Natsume Sōseki spent time in the Yugawara valley while working on Meian (Meian, translated as Light and Darkness) - the novel he had been serialising in the Asahi Shimbun and did not live to finish. He died in December 1916 with the manuscript unresolved. The connection between this valley, the falls area, and that final year of work is documented in the literary record rather than invented by the tourism board. For readers of Sōseki it is worth knowing; for everyone else, the forest and the water are reason enough.
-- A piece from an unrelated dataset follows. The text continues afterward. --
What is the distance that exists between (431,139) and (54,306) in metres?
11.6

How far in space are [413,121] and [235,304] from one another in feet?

From Yugawara Station, take the Okuyugawara/Fudo Falls-bound bus and alight at the Fudo Falls stop (about 13 minutes). The falls are immediately adjacent to the stop. On the return, the same bus passes the Gosho Jinja stop for Gosho Jinja and the onsen-district stops, making a morning route - station to falls, falls to shrine, shrine back toward the baths - a coherent day without a car.

Why we say this

We promote only facts that exist in the detail record. If a field is missing or sources disagree, we either omit it or flag it below.

Sources checked
3 public sources
Data notes
2 conflict notes
Currentness
Static guide record, not a live inventory feed. Confirm hours, prices, closures, and booking availability before travel.

Visit details

Address: Miyakami, Yugawara, Ashigarashimo District, Kanagawa 750

Access: About 13 minutes by Okuyugawara/Fudo Falls-bound bus from JR Yugawara Station; alight at Fudo Falls stop

Hours: Always accessible

Admission: Free

Phone: 0465-64-1234 (Yugawara Tourism Association general line)

Highlights:

  • 15-metre waterfall with Buddhist Fudō Myōo associations
  • Foot bath at tea house on the approach
  • Sōseki wrote Meian while visiting the Yugawara valley
  • Free parking on-site
  • Return bus stops at Gosho Jinja - easy to combine both in one morning

Data notes

These are points where the platforms and official pages we consulted gave us conflicting information.

  • Foot bath operating status: The foot bath is described in the official tourism site as available at tea houses on the approach. Operating hours and seasonal availability were not confirmed in research. Treat as likely available but not guaranteed year-round. The tourism association line (0465-64-1234) can confirm current status.
  • Sōseki / Meian connection: Sōseki’s time in Yugawara and his work on Meian is documented in the literary record. The specific association with Fudo Falls (as distinct from the broader Yugawara valley) appears in secondary tourism sources rather than primary literary documents. The guide page attributes the connection to the valley rather than specifically to the falls site.